In the game, you pluck, disembowel, and chop the head off a still-bleeding turkey, make stuffing with eggs that bleed and are filled with feathers, stuff the bird, and prepare a thoroughly unappetizing meal with dirty hands as the "Mean" Mama, getting points for being "meaner" than mama by beating the clock. After this, Mama apparently gets disgusted by her own actions, goes vegan, and runs through a similar exercise preparing a Tofu Turkey. Which, I must say, looks no more appetizing to me.

Judging by many responses, the game unfortunately miscalculated its audience. I guess gamers are used to entirely unrealistic gibs, beheadings, gore, and lots of blood from games, and found the turkey-cleaning segments quite entertaining.

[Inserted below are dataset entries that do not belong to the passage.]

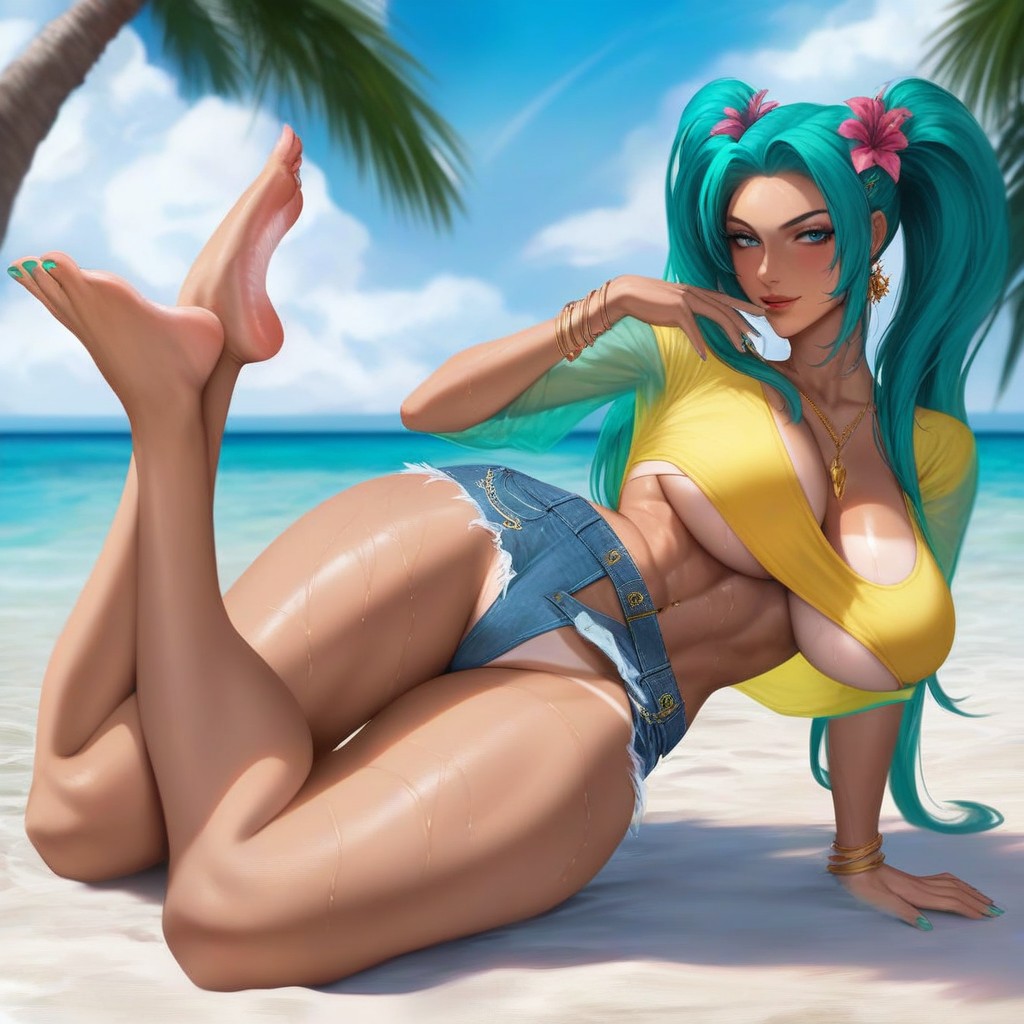 Perfect Anatomy, And Thick, Long Messy Pigtails With Vivid Green Hair Hentai AI Porn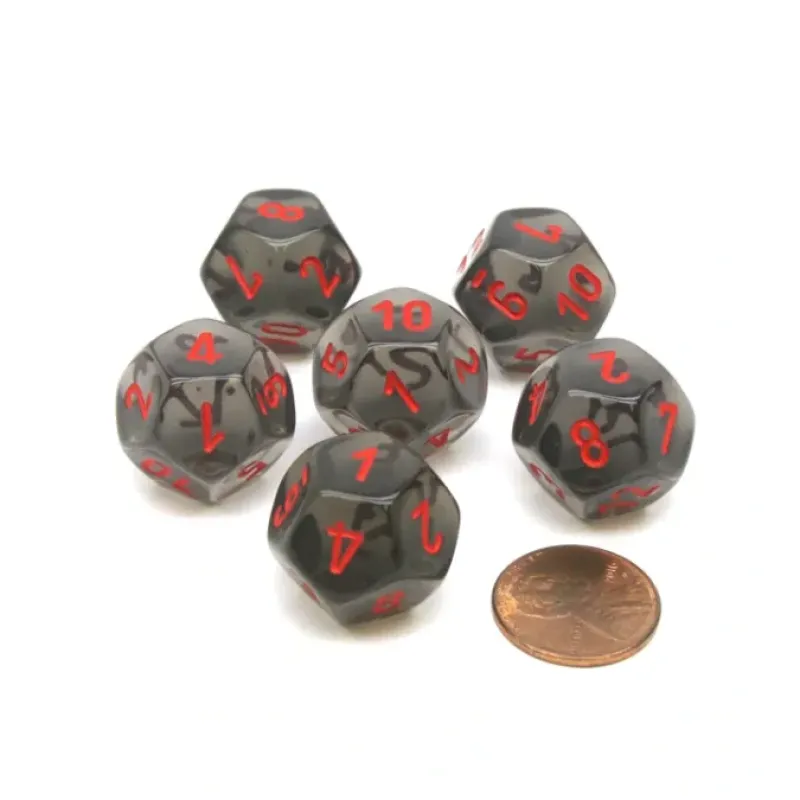 Dice-Translucent 18mm 12 Sided D12 Chessex Dice, 6 Pieces - Smoke with Red Numbers - Your Source for Gaming Essentials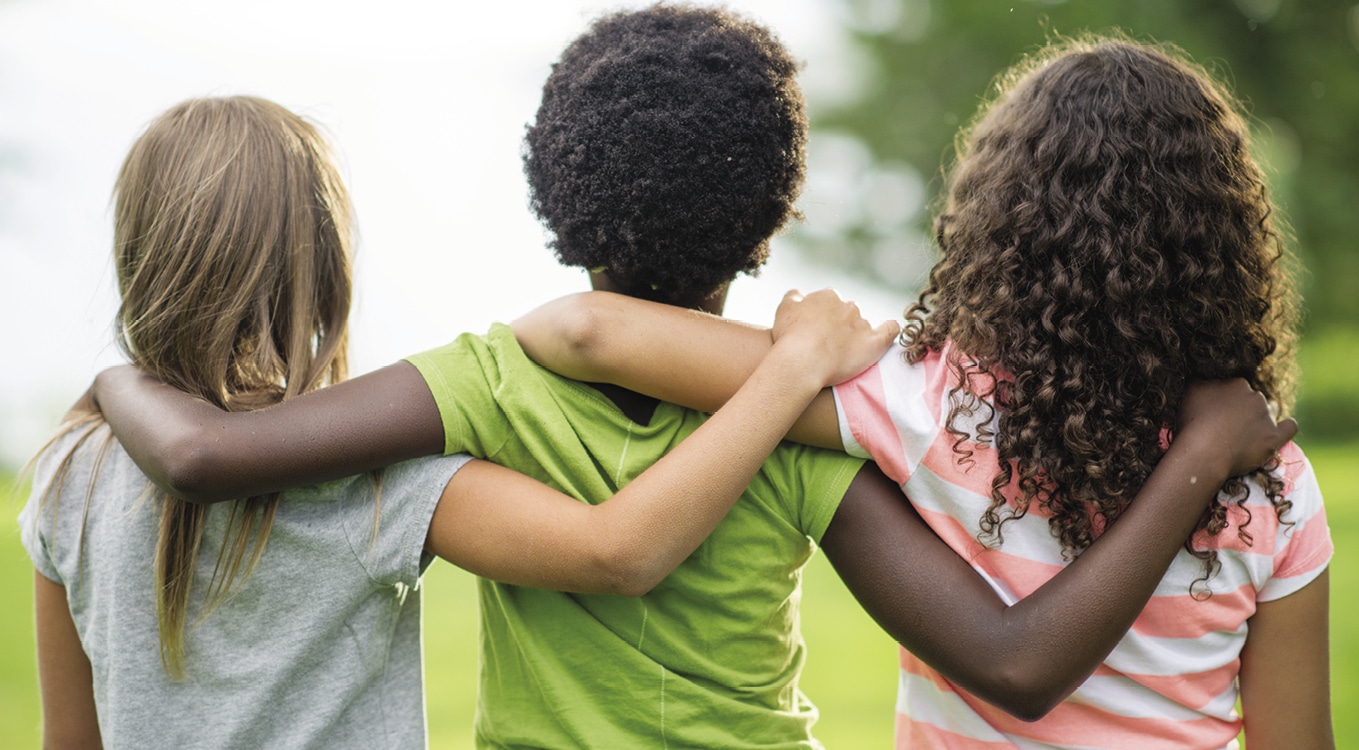 Three children in arm
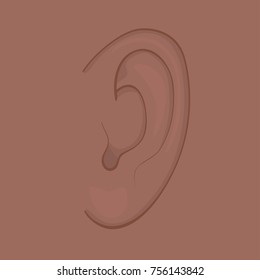 Vector illustration of African American and Indian human ear. For advertising, medical publications and for use on a package of medicinal products. EPS 8.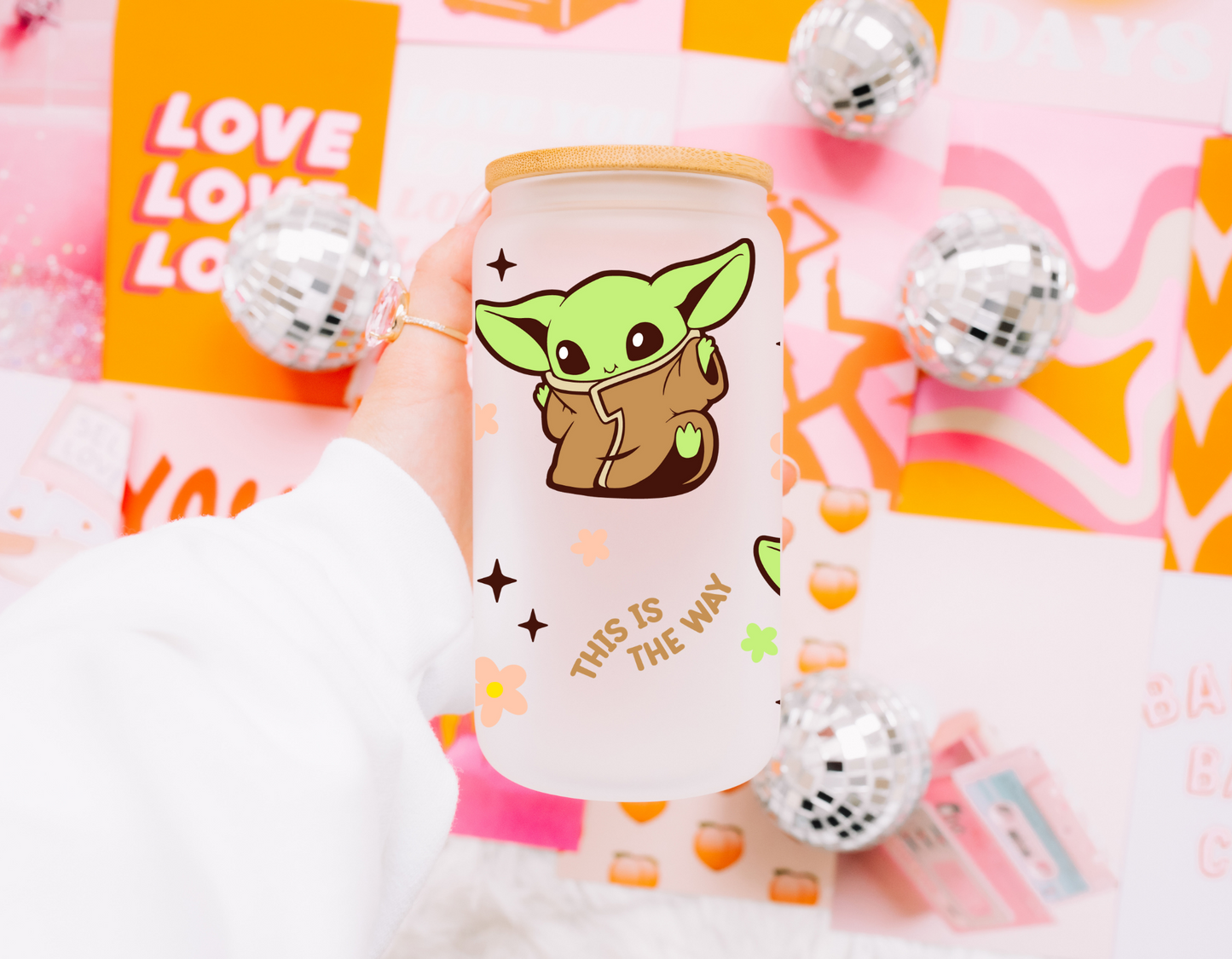 Cute Yoda Glass Cup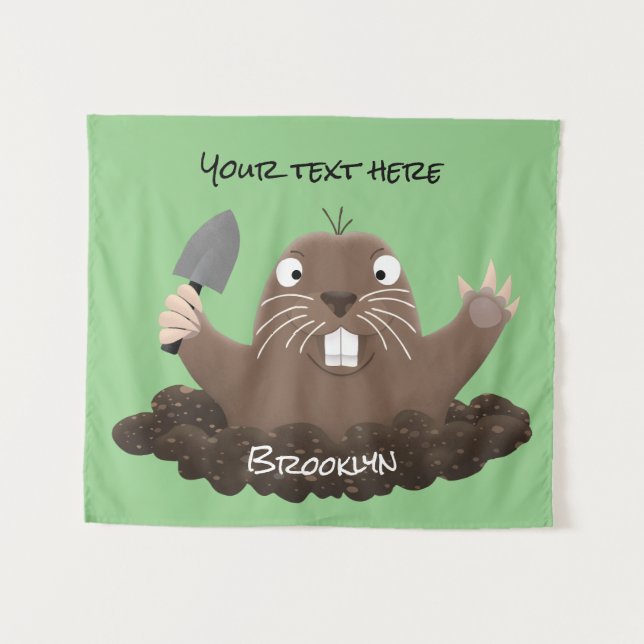 Funny pocket gopher digging cartoon illustration tapestry (Front (Horizontal))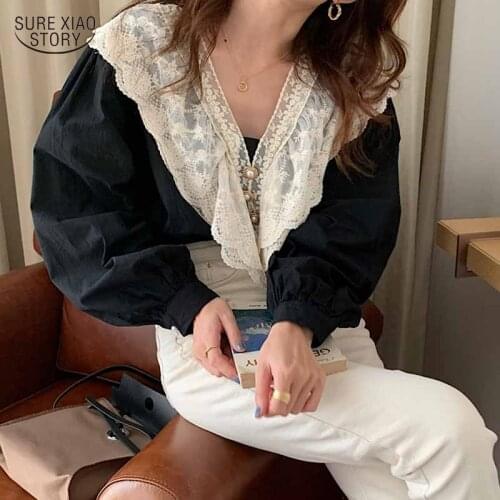 Vintage Causal Shirt V-neck Women Tops Gentle Lantern Sleeve Ruffle Blouse Korean Fashion Loose Lace Blouse Blusas Elegant 16962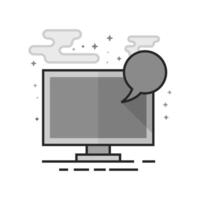 Desktop computer icon in flat outlined grayscale style illustration vector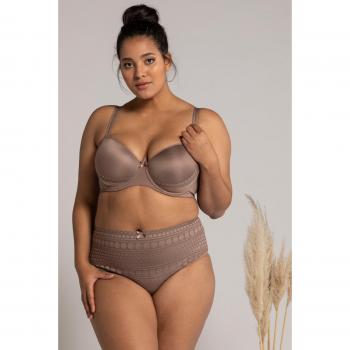 Ulla Popken 50D Plus‑Fit Brown Dot‑Lace Underwire Sports Bra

On the plus side, though, the game is well-made, does provide an alternative in the second half, and provides little videos and text links to explain their rationale.

I am very much a carnivore, and not a big fan of PETA. I've spent some time on a farm and have had to do the killing and cleaning myself the old-fashioned way. But while I'm not swayed by the message, I do have to hand it to them on the game front. The game is pretty well done.

And so - if you are ready for a gore-filled holiday culinary experience - enjoy!

Cooking Mama Kills Animals

EDIT: Replaced the embedded game with a link, since there is no volume control and the scream & music can get annoying.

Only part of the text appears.